Лан слушал очень внимательно и попросил Муну еще раз рассказать все по порядку.

Согревшись у костра, Зурр мгновенно заснул, но спал неспокойно, стонал и вскрикивал.

Бодрствовать у костра остался Лан. С испугом вскакивал он при каждом звуке: медведь мог прийти к их становищу.

На этот раз ночевали они под нависшей скалой. С боков загородились от ветра большими камнями.

Отдельной кучкой возле костра лежали сухие палки на случай, если бы им пришлось отгонять от становища хищников. Волк, уже немного привыкший к огню, все-таки улегся в стороне, на охапке сухой травы, брошенной для него Муной.

Впечатления прошедшего дня не давали Лану покоя.

Во-первых, он сам добыл огонь. Добыл при помощи обычных предметов, какие всегда можно найти под рукой. Значит, он сможет добыть его и в другой раз, всегда.

Снова и снова переживал он эту радость сначала: вот они рядом — лучок, прямая палочка и ореховая скорлупа. Только трухлявый пень остался на своем месте, в зарослях.

Во-вторых, он чувствовал нечто важное и значительное в том, что произошло сегодня там, на поляне, у медвежьей норы.

Он пытался самостоятельно осмыслить случившееся, но мысли разбегались и не подчинялись ему. Что-то важное из рассказанного Мудрым Ауном никак не удавалось вспомнить. Приходили на память зазубренные заповеди…

«За детеныша отдай женщину, за охотника отдай детеныша, Слово же сохрани!»

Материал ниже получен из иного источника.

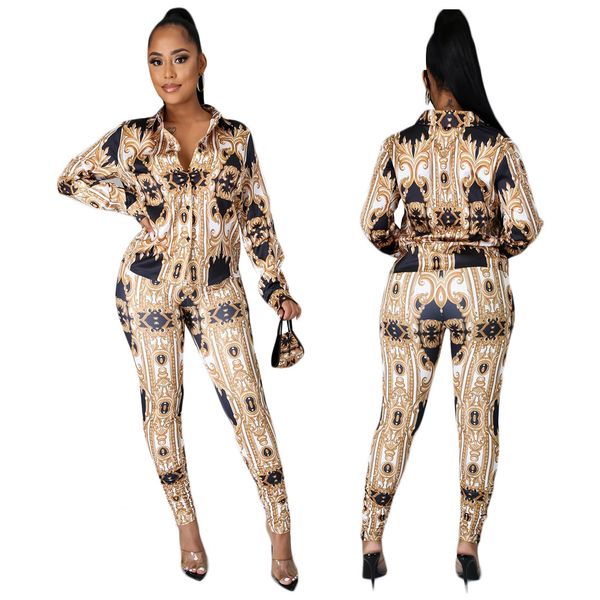 colorful fashion printing two-piece women's long-sleeved polo collar + trousers matching fashion casual suit spring 2021, Gray
colorful fashion printing two-piece women's long-sleeved polo collar + trousers matching fashion casual suit spring 2021, Gray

«Злые дивы прячутся от светлого Солнца, в темноте же сбереги огонь!»

Это не то.

«От дня прилета птиц, от дня Нового Солнца и еще две луны собирай тайные травы — и исцелишься, и детенышей исцелишь, и жен».

Все не то. Да, вот!

Лан вспомнил вдруг светящийся туман, яркое и в то же время невидимое за плотной пеленой солнце. В тот день Аун рассказал ему о великом охотнике и вожде Таже, который не убил раненого волками олененка — и потому Олениха-Мать спасла охотника от гибели. И еще сказал Мудрый Аун: «Таж не убил Олениху, но узнал великую тайну матери. Он стал как див, которому повинуются звери…»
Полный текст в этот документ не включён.